§ **Exercise directions**
Reproduce all of the data exactly. Images are not to appear in the reply.
Top of Available data
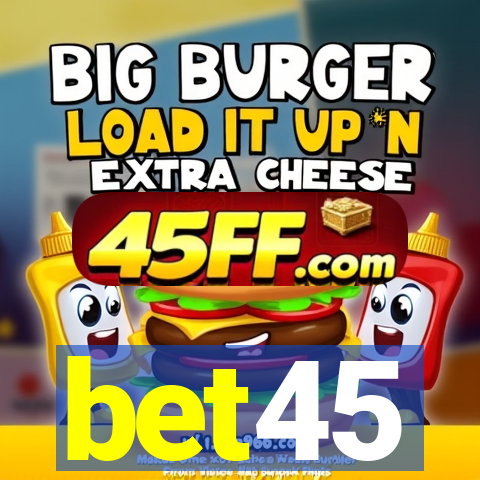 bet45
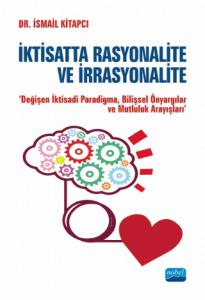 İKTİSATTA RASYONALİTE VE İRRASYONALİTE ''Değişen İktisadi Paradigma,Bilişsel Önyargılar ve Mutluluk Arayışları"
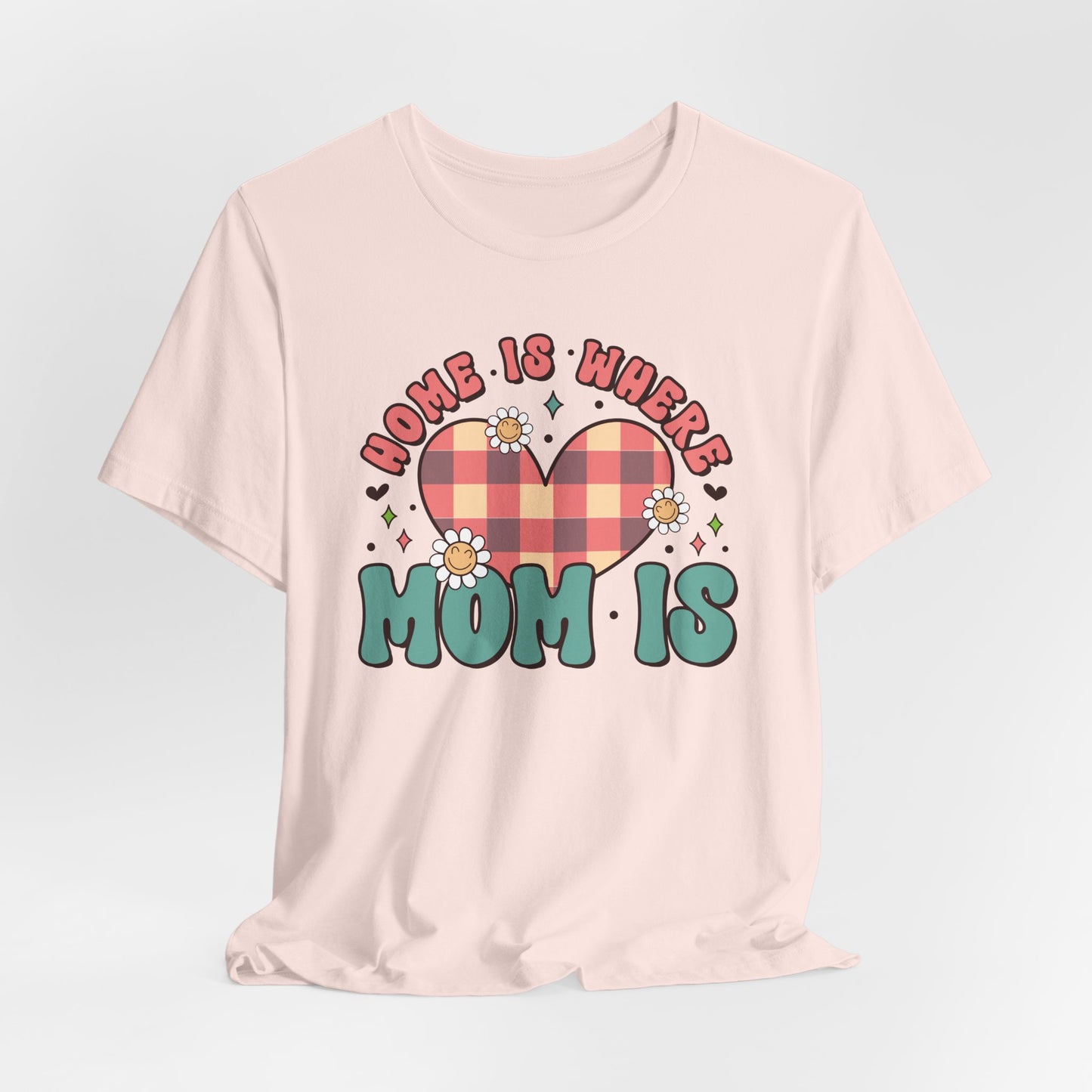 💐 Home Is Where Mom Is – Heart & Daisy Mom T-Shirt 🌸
Bottom of Available data
§ **The completed task**
 bet45
 İKTİSATTA RASYONALİTE VE İRRASYONALİTE ''Değişen İktisadi Paradigma,Bilişsel Önyargılar ve Mutluluk Arayışları"
 💐 Home Is Where Mom Is – Heart & Daisy Mom T-Shirt 🌸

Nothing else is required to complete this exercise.